2008 Joint Meeting of The Geological Society of America, Soil Science Society of America, American Society of Agronomy, Crop Science Society of America, Gulf Coast Association of Geological Societies with the Gulf Coast Section of SEPM

Paper No. 12
Presentation Time: 11:25 AM

Punctuated Sand Transport within the Lowermost Mississippi River

NITTROUER, Jeffrey A. and MOHRIG, David, Department of Geological Sciences, University of Texas, 1 University Station C1100, Austin, TX 78712-0254, nittrouer@mail.utexas.edu

Quantitative estimates of sand transport within tidally-influenced reaches of large, continental scale river systems have been difficult to acquire, owing to the rigorous physical and dynamic conditions that exist in such settings.
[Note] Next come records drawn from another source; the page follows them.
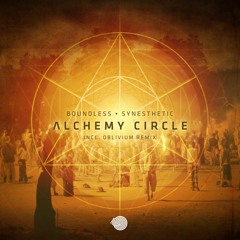 Boundless- Alchemy Circle (Oblivium Remix) (sample)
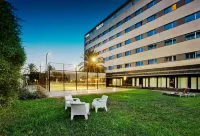 AZZ Valencia Tactica Hotels in 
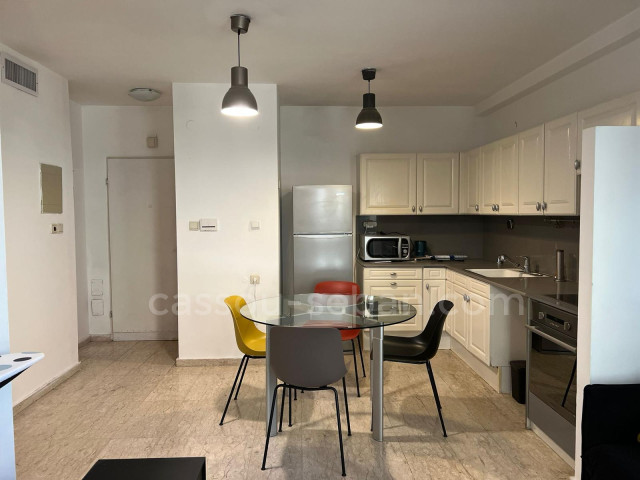 Aluguel Apartamento Jerusalém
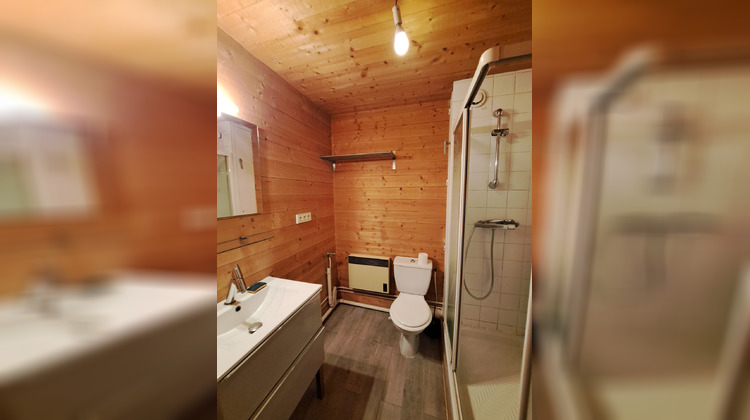 Ma-Cabane - Location Appartement Nancy, 32 m²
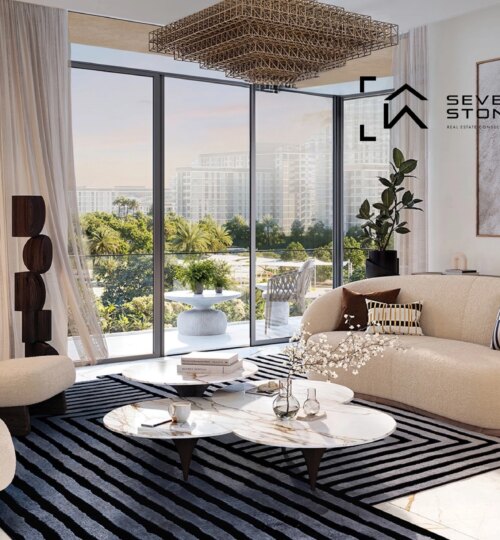 High Floor | Genuine Resale | Strong Investment,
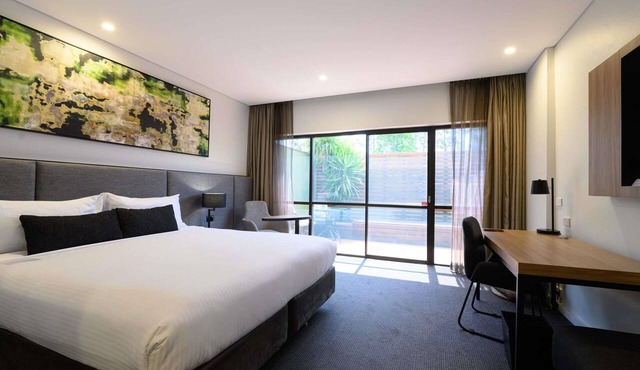 Mercure Penrith in Penrith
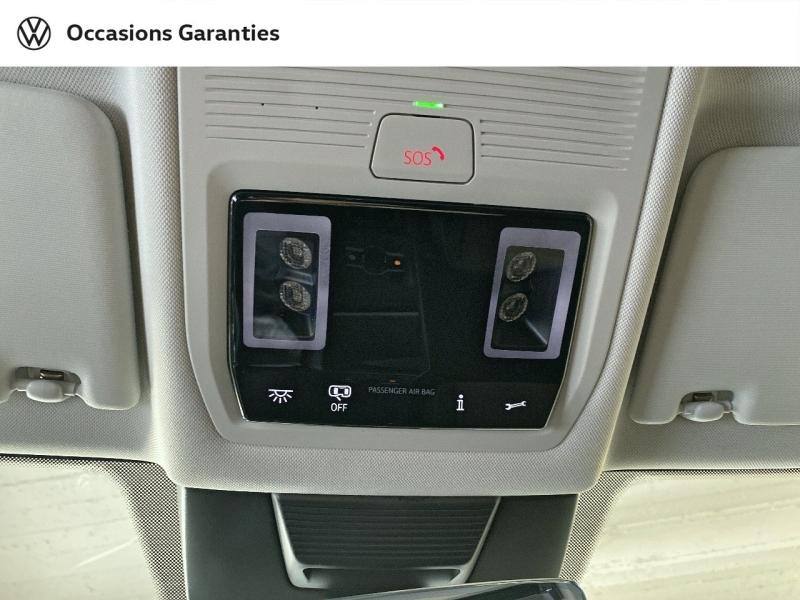 Voitures occasions VOLKSWAGEN TIGUAN VW Edition Paris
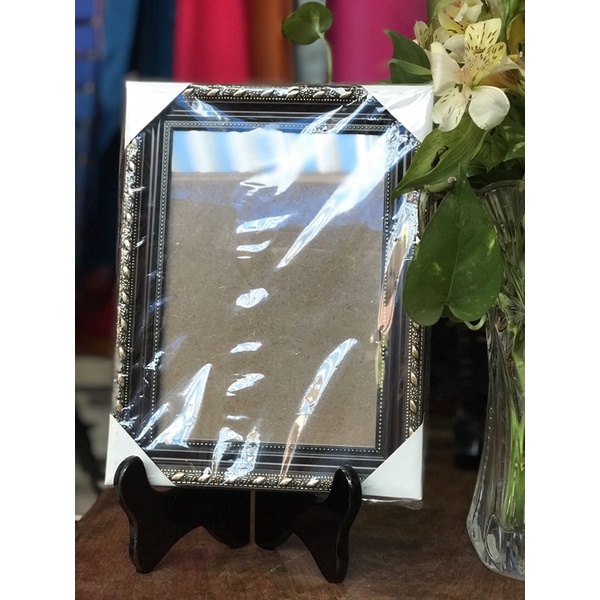 Combo khung hình và chân xếp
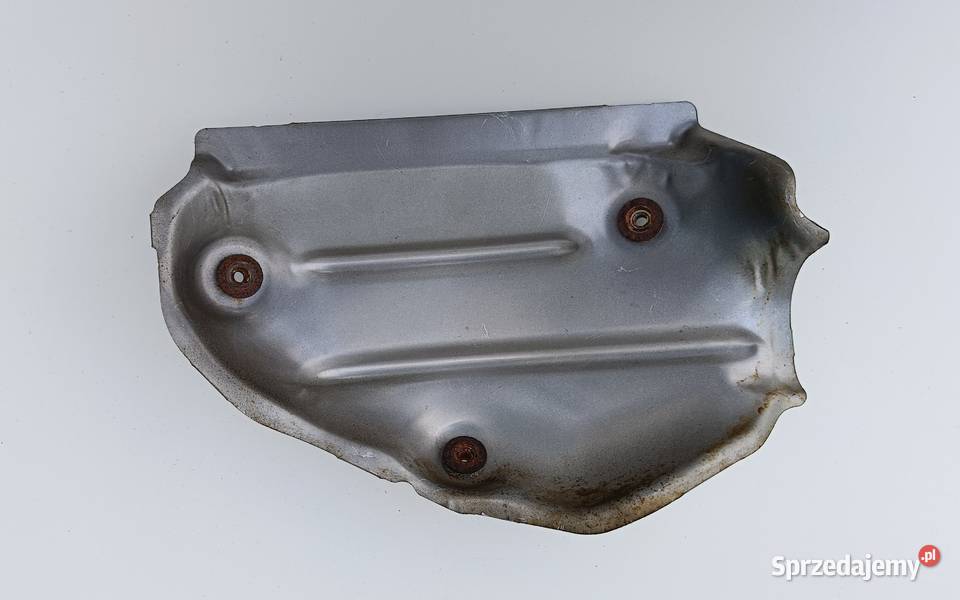 OSŁONA KOLEKTORA WYDECHOWEGO VQ35HR NISSAN osobowe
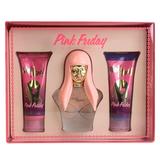 Nicki Minaj Pink Friday Eau de Parfum 100ml Set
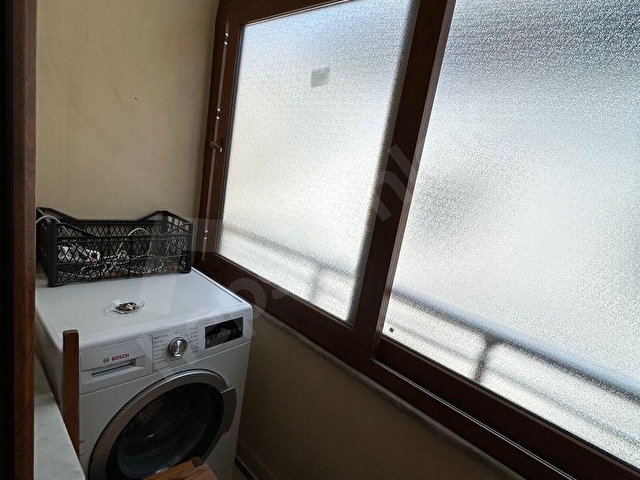 TOPRAK İNŞAAT & EMLAKTAN SEYİTNİZAM MAHALLESİNDE 4+2 220m2 CADDE ÜZERİNDE DEPREM SONRASI BİNADA - Görsel 16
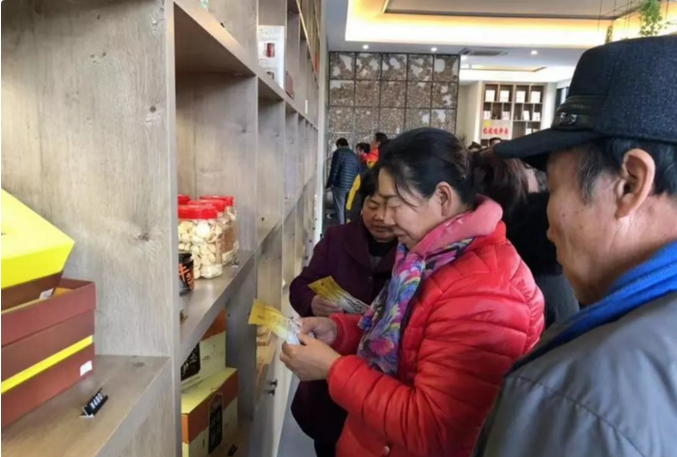 吉林省和龙市建档立卡人员学习宁波农村创业经验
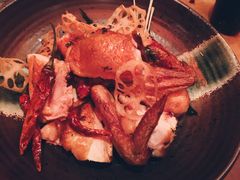 -杭州西子湖四季酒店-WL BISTRO西湖餐厅(灵隐路店)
Recent advances in observational techniques, however, have provided high resolution data necessary to constrain bed-material flux and to evaluate temporal trends of sand delivery to continental margins. Studies conducted in the lowermost Mississippi River document dune geometries and translation over a range of water discharge conditions using a multibeam bathymetry profiler. Our results indicate that active dunes fields in the lowermost river cover roughly two-thirds of the channel bed and are constrained to straight-reach segments between bends. During low and moderate water discharges, dune geometries are not depth limited and range from 0.5-2 m and 20-40 m for height and wavelength, respectively. Bedform flux, determined by measuring dune translation ranges from 1-5 x 10-5 m2 s-1. Low and moderate flow conditions persist in the lower river for >95% of an average discharge year. Data collected during high discharge events demonstrate a substantial change for bedform scale. Dune size ranges 5-10 m and 150-200 m in height and wavelength, and bedform flux is 5-8 x 10-4 m2 s-1. These transporting conditions generally occur every 1-4 years, for an average duration of ~5% of a discharge year. This order-of-magnitude increase in bedform sand flux for the lowermost Mississippi River suggests storage and release of sands within channel reaches, and demonstrates the importance of flood events for delivering coarse sediment to the Mississippi River delta.